This module is not currently running in 2024 to 2025.


The module is designed around 12 lectures and 10 one-hour seminars for hands-on computer work. The course is aimed at introducing students to the fundamentals of quantitative methodology in political science (applicable to all social sciences). The course proceeds from the grounding theoretical issues of quantitative work, data manipulation, and formal analysis. It builds students' knowledge by developing the most common and – useful – quantitative methods in the discipline including: univariate, bivariate, and multivariate description and analysis.
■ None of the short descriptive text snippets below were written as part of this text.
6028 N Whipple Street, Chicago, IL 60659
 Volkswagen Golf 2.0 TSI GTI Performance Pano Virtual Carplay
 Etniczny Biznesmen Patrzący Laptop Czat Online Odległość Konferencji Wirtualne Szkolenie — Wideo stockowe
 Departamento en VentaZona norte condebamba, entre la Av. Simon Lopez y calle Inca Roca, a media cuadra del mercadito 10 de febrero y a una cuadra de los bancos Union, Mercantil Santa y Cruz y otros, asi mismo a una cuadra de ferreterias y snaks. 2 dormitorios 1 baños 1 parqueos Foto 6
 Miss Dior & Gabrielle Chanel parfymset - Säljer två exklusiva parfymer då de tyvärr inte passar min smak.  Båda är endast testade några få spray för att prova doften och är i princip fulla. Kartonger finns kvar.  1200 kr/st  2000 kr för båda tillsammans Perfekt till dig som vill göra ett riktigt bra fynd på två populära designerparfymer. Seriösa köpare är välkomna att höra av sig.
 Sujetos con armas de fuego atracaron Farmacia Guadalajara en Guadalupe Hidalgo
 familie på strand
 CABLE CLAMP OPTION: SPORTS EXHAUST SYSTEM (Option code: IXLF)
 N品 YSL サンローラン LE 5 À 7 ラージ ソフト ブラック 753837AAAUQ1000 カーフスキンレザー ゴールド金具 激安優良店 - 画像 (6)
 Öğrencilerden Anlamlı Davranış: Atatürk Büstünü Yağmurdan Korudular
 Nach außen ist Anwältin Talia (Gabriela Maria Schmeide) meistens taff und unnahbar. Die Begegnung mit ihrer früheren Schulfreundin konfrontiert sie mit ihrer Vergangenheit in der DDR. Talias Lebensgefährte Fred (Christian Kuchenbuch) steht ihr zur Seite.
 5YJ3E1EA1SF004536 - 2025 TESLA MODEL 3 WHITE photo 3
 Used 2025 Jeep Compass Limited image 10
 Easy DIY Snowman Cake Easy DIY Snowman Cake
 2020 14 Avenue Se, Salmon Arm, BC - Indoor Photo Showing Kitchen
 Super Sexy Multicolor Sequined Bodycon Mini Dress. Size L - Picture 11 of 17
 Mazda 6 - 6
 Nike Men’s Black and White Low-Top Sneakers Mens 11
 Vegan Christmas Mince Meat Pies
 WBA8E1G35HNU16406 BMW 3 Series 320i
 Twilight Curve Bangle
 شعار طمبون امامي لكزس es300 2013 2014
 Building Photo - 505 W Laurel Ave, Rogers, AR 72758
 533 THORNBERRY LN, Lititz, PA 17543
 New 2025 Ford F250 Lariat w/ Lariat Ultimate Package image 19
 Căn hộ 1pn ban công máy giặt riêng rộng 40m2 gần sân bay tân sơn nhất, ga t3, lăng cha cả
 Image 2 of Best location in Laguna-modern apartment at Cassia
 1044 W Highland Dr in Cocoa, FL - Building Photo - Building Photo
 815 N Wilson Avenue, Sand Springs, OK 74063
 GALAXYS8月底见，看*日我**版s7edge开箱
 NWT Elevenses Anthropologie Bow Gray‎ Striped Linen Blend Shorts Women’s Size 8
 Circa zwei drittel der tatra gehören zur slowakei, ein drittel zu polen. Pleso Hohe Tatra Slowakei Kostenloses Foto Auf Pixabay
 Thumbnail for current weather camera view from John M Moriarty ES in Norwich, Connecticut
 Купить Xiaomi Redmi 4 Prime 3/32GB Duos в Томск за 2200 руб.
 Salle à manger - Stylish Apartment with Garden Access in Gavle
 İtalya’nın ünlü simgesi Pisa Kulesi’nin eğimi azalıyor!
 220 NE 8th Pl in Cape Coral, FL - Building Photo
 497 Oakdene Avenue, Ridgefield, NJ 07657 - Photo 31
Finally, significant attention will be given to inferential statistics as it represents the most visible aspect of modern political science.


Contact hours

Private Study: 178
Contact Hours: 22
Total: 200


Required module for all students on PhD courses in the School of Politics and International Relations (in compliance with the requirements to provide advanced research training under the ESRC DTC) and an optional module for all other MA courses taught in the School of Politics and International Relations.

Method of assessment

Main assessment methods
• Essay (research ideas) 2500-3000 words, 60%
• Assignments, Moodle Quizzes 40%

Reassessment methods
• Reassessment Instrument: 100% coursework

Indicative reading

The University is committed to ensuring that core reading materials are in accessible electronic format in line with the Kent Inclusive Practices.

The most up to date reading list for each module can be found on the university's reading list pages.

See the library reading list for this module (Canterbury)

Learning outcomes

On successfully completing the module students will be able to:

The core competencies of students successfully completing this course will include:

1 Essential statistical literacy:
1.1 The ability to read, understand, and critically assess quantitative research in political science (including Comparative Behaviour, Conflict, and International Relations)
1.2 Assess research designs that incorporate quantitative methodologies, conceptualizations, and operationalizations common to political science
1.3 Discern appropriateness of applied statistical techniques to the level and type of data used in political science.
1.4 Develop an understanding of strengths and weaknesses of the most common as well as prevailing types of models and statistical methods specific to political science.
1.5 Appraise the use of survey data (cross-sectional, panel, inter alia), cross-national and cross-regional data (indicators of political and economic performance), and conflict indicators (ethnic conflict, war, etc.…) used broadly in the comparative behaviour and international conflict fields.

2 Statistical abilities:
2.1 The ability to determine and apply statistical techniques appropriate to the data, question, and theory under investigation
2.2 Use statistical techniques to test an argument/hypothesis of a political phenomenon
2.3 To understand the limitations of statistical techniques for research in political science
2.4 Generate descriptive and inferential statistics using statistical software
2.5 Interpret and analyse computer generated statistical output.

3 Research Skills:
3.1 Rigorously employ quantitative methodology to address research questions in political science
3.2 Present quantitative research in a clear, informative, and effective manner
3.3 Evaluate other disciplinary quantitative research critically.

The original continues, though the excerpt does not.